Grace Ellis / Lantern photographer
Capes whipped in the wind as broomsticks collided, sending players spilling to the ground. As the chasers wrestled for control of the quaffle, the sidelines exploded into cheers as the snitch came into view from behind the distant tennis courts.
The seekers took off after the snitch, and after several minutes of angry shoving and guttural grunting, the Ohio State player raised his fist triumphantly. He caught the snitch, and the game was over.
The brooms may not have been flying, but there was plenty of magic at OSU’s first-ever quidditch tournament on Sunday night. After losing at the hands of the vaguely Slytherin-green Michigan State University, the OSU team went on to defeat the Denison University team.
While the sport lacks real magical properties, quidditch requires a certain level of athleticism to be a successful player, said Andi Hendrickson, a third-year in journalism and English and vice president of OSU’s Quidditch Club.
“It’s a lot harder than most people think,” she said. “They think we’re just running around with brooms between our legs, playing a friendly game, but it’s much more difficult than that.”
Based on the rules outlined in J.K. Rowling’s “Harry Potter” series, muggle quidditch, or quidditch sans-magic, is played with seven players on each team.

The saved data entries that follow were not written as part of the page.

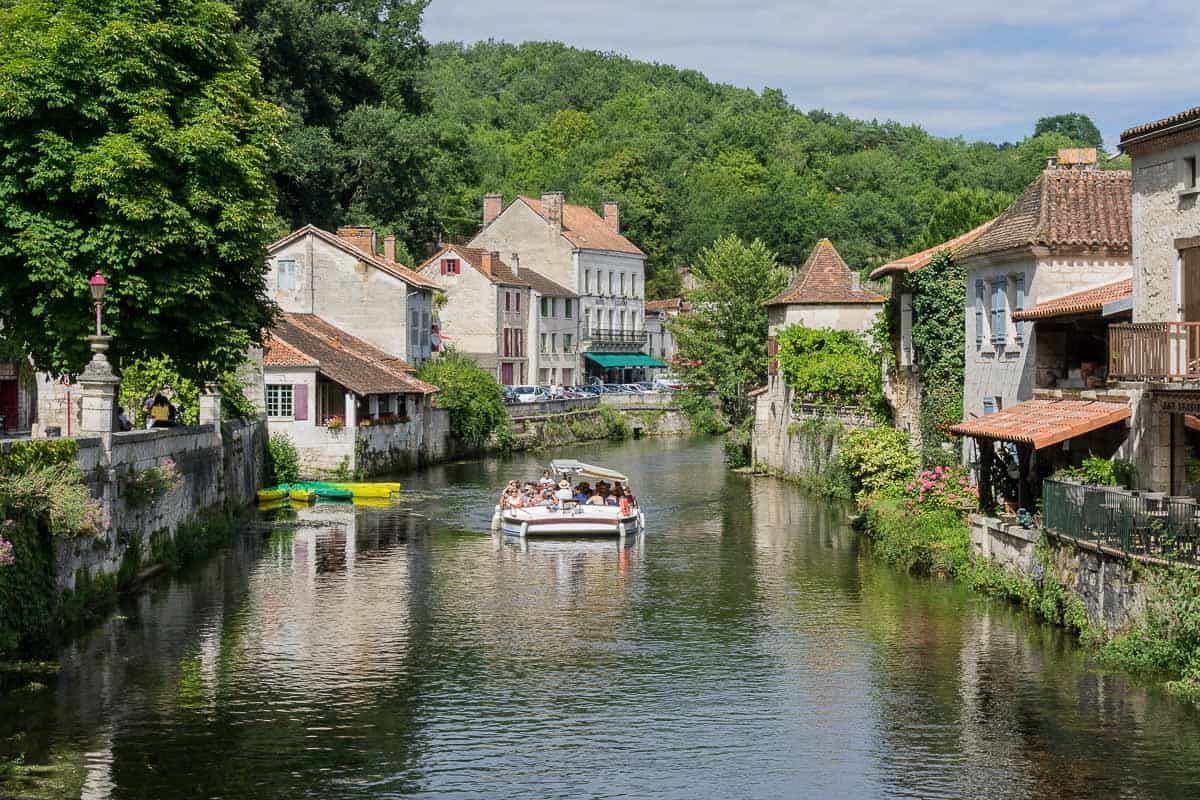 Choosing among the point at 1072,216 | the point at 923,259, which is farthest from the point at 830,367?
the point at 1072,216

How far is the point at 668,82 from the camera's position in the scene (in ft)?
562

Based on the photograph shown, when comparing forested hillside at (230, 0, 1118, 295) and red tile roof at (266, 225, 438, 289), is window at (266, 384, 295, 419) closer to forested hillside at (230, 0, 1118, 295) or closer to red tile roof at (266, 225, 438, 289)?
forested hillside at (230, 0, 1118, 295)

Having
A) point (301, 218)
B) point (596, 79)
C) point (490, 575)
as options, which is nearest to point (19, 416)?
point (490, 575)

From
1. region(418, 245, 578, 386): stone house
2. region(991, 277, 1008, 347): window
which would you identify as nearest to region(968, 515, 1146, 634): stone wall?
region(991, 277, 1008, 347): window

“It’s a mix of rugby and dodgeball and tag,” said Matt Retta, a second-year in industrial engineering and one of the team’s beaters.
Chasers score by throwing the quaffle, a soccer ball, into one of the other team’s goals, Hendrickson said.
Two players named the team’s beaters are tasked with throwing dodgeballs at the opposing team. When a player is hit, he or she has to touch their own goal before they can continue playing, Hendrickson said.
The game ends when the snitch, a person dressed in gold, is caught.
“(The snitch) is sort of like a flag football kind of thing. The seekers try to catch the flag,” Hendrickson said.
There are more than 200 officially registered quidditch teams in the United States, in addition to a handful of international teams, Hendrickson said.
“It’s becoming a much bigger deal on campus. People know us,” Hendrickson said. “We still get a lot of strange looks, but it’s gaining a lot of ground, not just on campus but in the nation.”
Because the sport is a part of Harry Potter–mania, it’s something that bookworms and athletes alike can enjoy, said Emily Toutkoushian, a fourth-year in sport and leisure studies and one of the club’s co-founders.
“All different skill levels can play it,” Toutkoushian said. “You can be really intense and really sporty, or you can just go out and have fun running around on a broomstick.”
While the tournament was established to give the team a chance to compete before November’s Quidditch World Cup, some joined the quidditch team as a way to reconnect with the “Harry Potter” books.
“It’s really fun. It’s a good game,” said Alex Dulin, a first-year in molecular genetics and one of the team’s beaters. “It’s a good way to live out a childhood fantasy.”